#### Task details:
Print the line containing "Boho Sage Green" and all lines after it to the end of the records below, exactly as written. No pictures.

Stored entries:

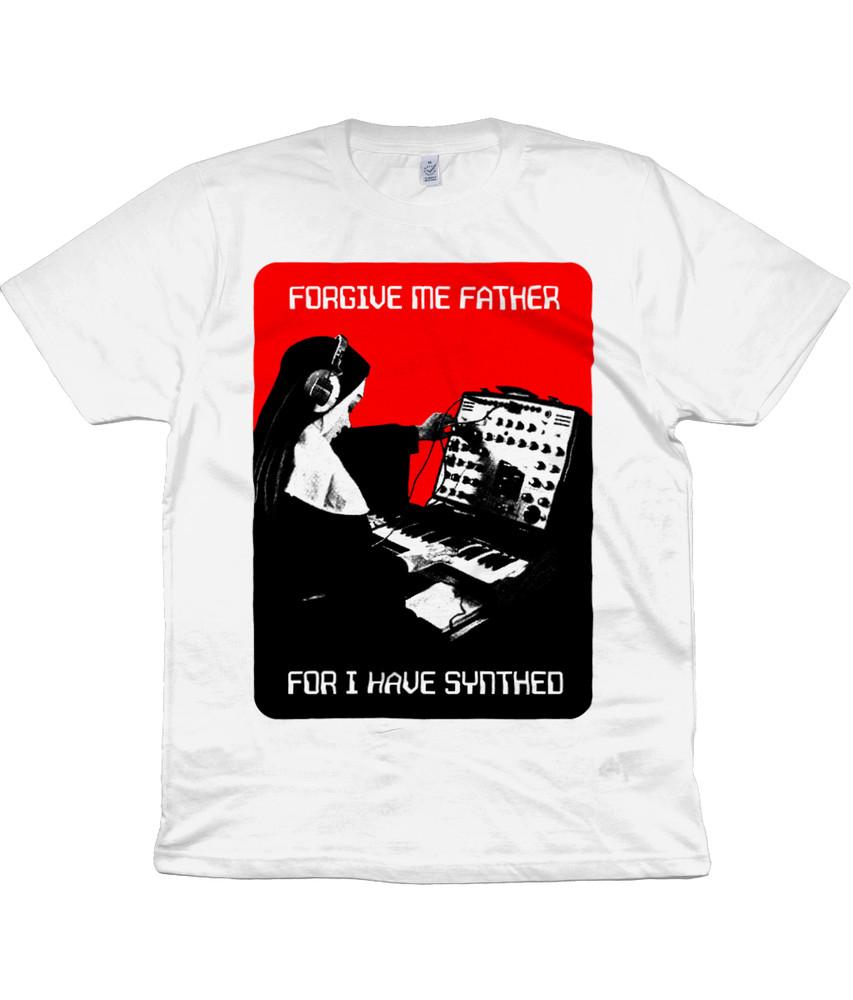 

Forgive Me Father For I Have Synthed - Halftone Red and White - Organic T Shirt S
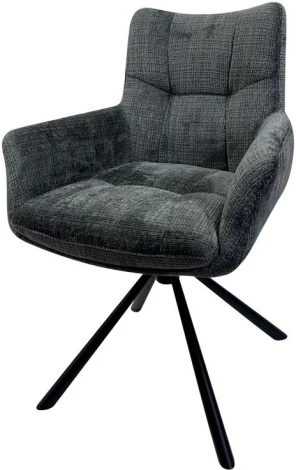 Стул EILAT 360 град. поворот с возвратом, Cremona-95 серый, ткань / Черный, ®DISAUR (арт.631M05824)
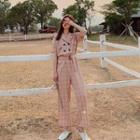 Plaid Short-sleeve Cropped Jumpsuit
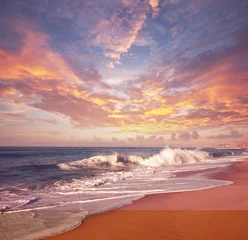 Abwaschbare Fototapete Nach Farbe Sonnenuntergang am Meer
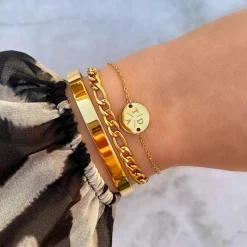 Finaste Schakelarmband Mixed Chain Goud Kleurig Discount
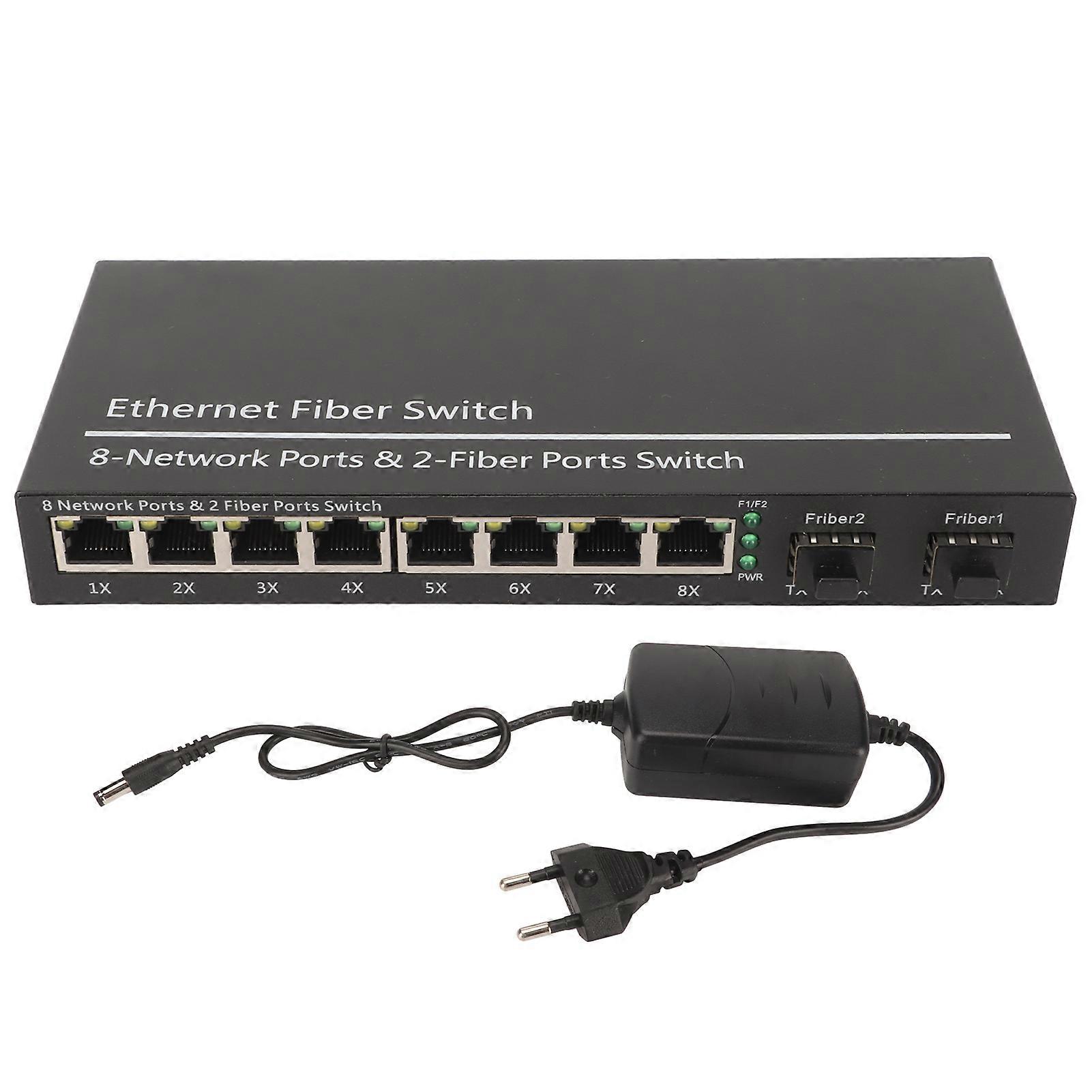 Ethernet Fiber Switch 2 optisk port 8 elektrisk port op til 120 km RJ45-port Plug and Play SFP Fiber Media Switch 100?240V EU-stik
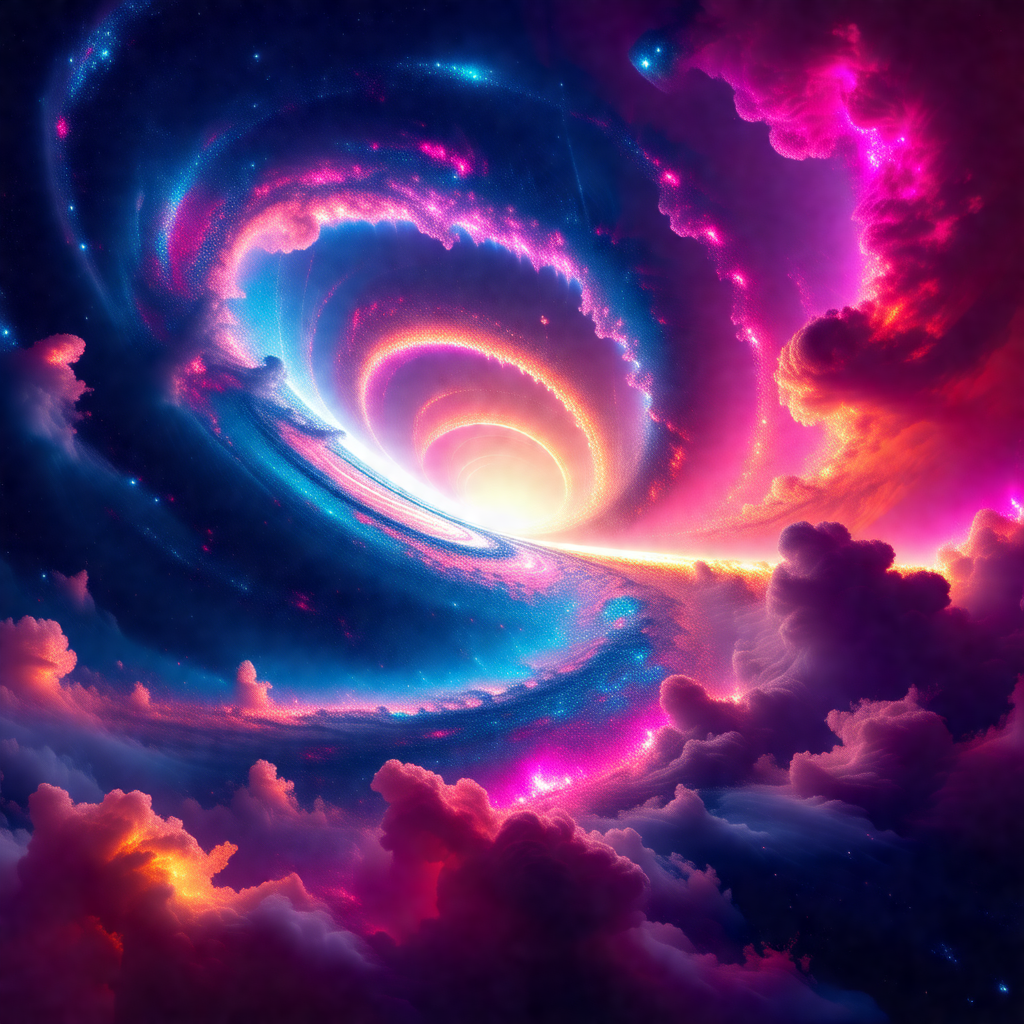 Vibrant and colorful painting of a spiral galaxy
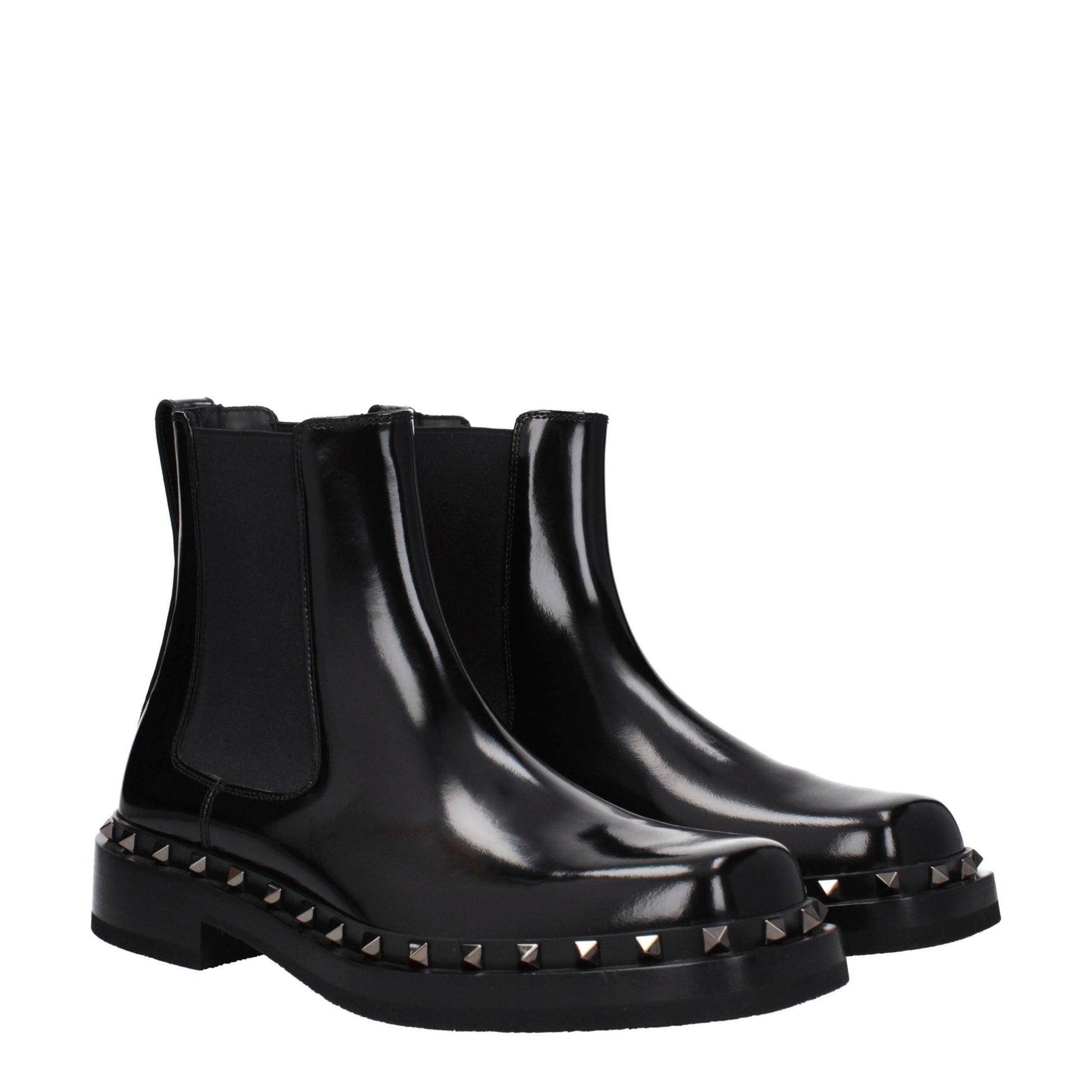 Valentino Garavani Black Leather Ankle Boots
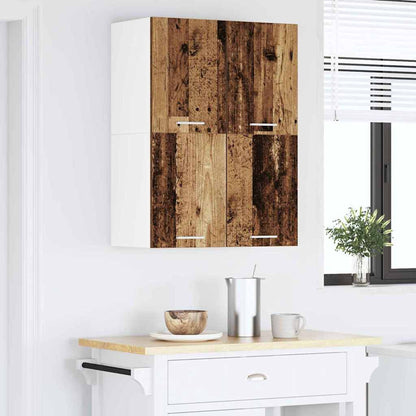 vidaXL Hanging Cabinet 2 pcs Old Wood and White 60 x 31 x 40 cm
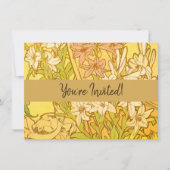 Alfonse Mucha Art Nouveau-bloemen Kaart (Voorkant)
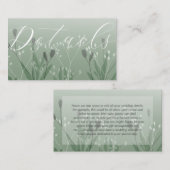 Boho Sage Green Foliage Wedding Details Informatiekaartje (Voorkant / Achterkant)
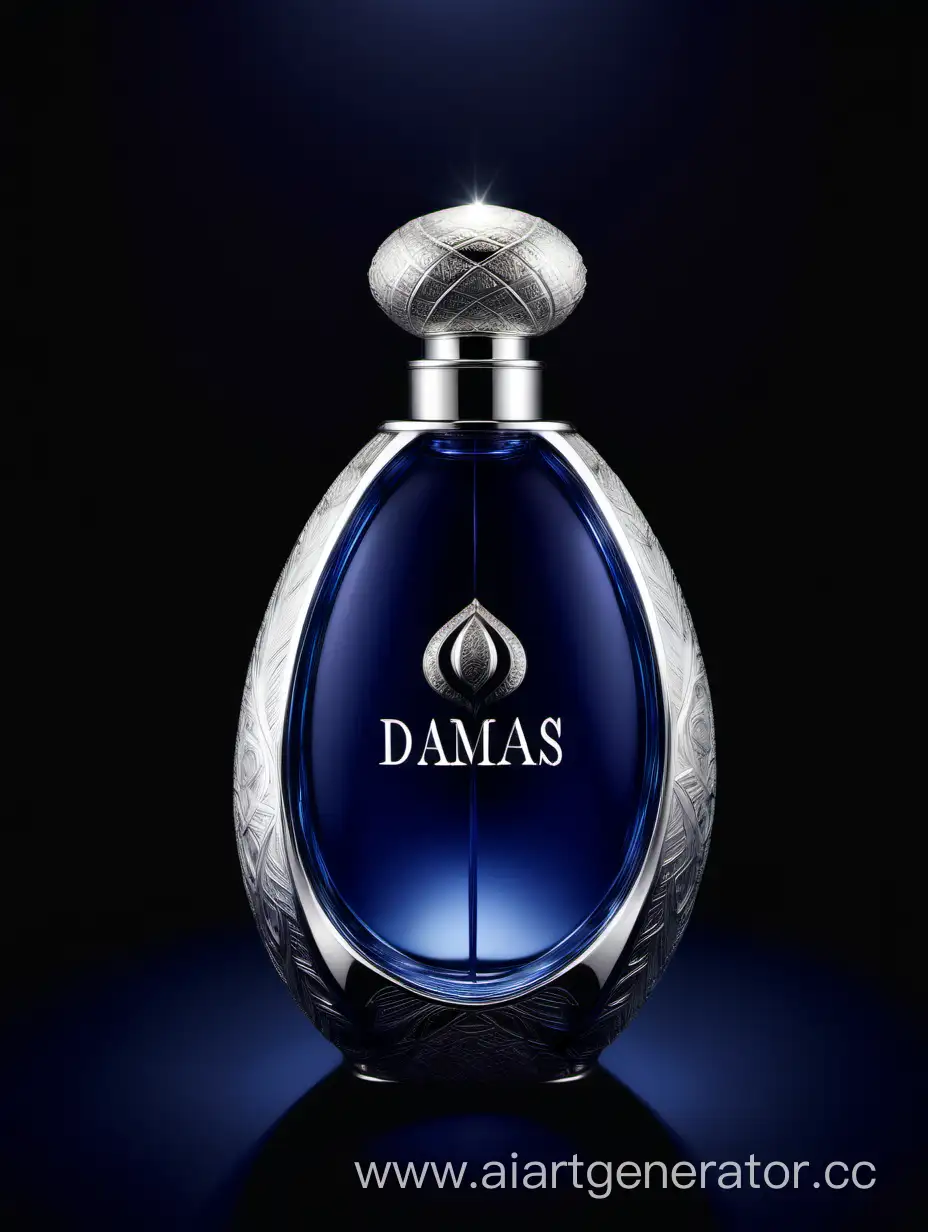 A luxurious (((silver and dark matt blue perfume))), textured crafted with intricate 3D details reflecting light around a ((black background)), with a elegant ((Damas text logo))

#### Solution to this task:
 Boho Sage Green Foliage Wedding Details Informatiekaartje (Voorkant / Achterkant)
 A luxurious (((silver and dark matt blue perfume))), textured crafted with intricate 3D details reflecting light around a ((black background)), with a elegant ((Damas text logo))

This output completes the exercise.